Although it offers a full and complete history of Leninism, 1917, the Russian Civil War and its aftermath, the book devotes more time than usual to the policies and actions of the socialist alternatives to Bolshevism–to the Menshevik Internationalists, the Socialist Revolutionaries (SRs), the Jewish Bundists and the anarchists. It prioritises Factory Committees, local Soviets, the Womens’ Zhenotdel movement, Proletkult and the Kronstadt sailors as much as the statements and actions of Lenin and Trotsky. Using the neglected writings and memoirs of Mensheviks like Julius Martov, SRs like Victor Chernov, Bolshevik oppositionists like Alexandra Kollontai and anarchists like Nestor Makhno, it traces a revolution gone wrong and suggests how it might have produced a more libertarian, emancipatory socialism than that created by Lenin and the Bolsheviks.

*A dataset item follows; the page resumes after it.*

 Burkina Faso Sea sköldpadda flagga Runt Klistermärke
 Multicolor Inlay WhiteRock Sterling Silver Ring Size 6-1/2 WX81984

Although the book broadly covers the period from 1903 (the formation of the Bolsheviks and Mensheviks) to 1921 (the suppression of the Kronstadt rebellion) and explains why the Bolshevik Revolution degenerated so quickly into its apparent opposite, it continually examines the Leninist experiment through the lens of a 21st century, de-centralised, ecological, anti-productivist and feminist socialism. Throughout its narrative it interweaves and draws parallels with contemporary anti-capitalist struggles such as those of the Zapatistas, the Kurds, the Argentinean “Recovered Factories”, Occupy, the Arab Spring, the Indignados and Intersectional feminists, attempting to open up the past to the present and points in between.
We do not need another standard history of the Russian Revolution. This is not one.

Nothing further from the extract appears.